Graduated Ph.D. July 1999

Abstract

This thesis presents a study into a technique for improving performance in out-of-order superscalar architectures. It identifies three technological trends limiting superscalar performance; they are the increasing cost of a main memory access, control dependencies and the greater hardware complexity of out-of-order execution.

Decoupling is a technique that can provide higher performance through the mechanism of dynamically reordering, asynchronous instruction streams. It offers the capability to improve ILP, through effective latency hiding and dynamic scheduling, and to reduce hardware complexity, through decentralised logic. This thesis evaluates this capability, by investigating the effectiveness of decoupled out-of-order superscalar architectures.

This thesis identifies the degree to which operations can reorder (the degree of reordering) as the critical dimension to an out-of-order superscalar architecture. It investigates the effectiveness of decoupling by focusing on those design issues that determine the degree of reordering, and relaxes all other architectural constraints.
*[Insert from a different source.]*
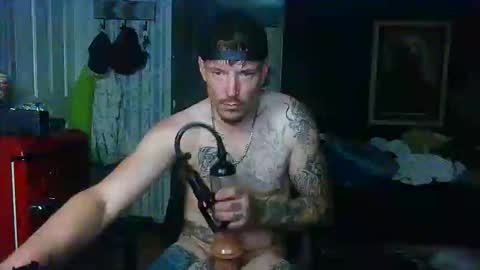Snapshot of oh_you_know69 chatting on May 2026 08:19:01 AM who dares toss me some tips lets have fun online show from May 2026 08:19:01 AM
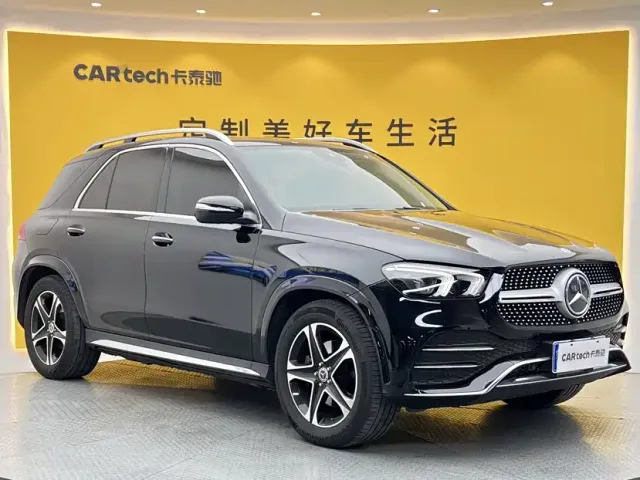 Mercedes-Benz GLE-Class — Фото автомобиля 2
This approach allows us to establish the limitations of decoupled out-of-order superscalar architectures.

This thesis shows that a decoupled architecture, through its dynamically reordering instructions windows, provides a possible solution to the problem of latency hiding and issue logic complexity. This thesis demonstrates that for large memory latencies, a decoupled architecture with 2 instruction streams is less sensitive to increases in memory latency than a conventional single stream superscalar architecture. The results also show that for memory latencies greater than 20 cycles, a decoupled architecture can achieve a higher speedup than a conventional superscalar architecture with twice the individual window sizes of a decoupled unit. An explanation for this effect is provided through the concept of the Effective Window Size.

The thesis also investigates a 3-stream decoupled superscalar architecture, that provides dedicated hardware support for resolving control dependencies. The results show that for the parititioning algorithm used in this thesis, the load balancing is poor and the extra hardware resources are under utilised. For this reason the majority of the thesis focuses on a 2 stream decoupled architecture.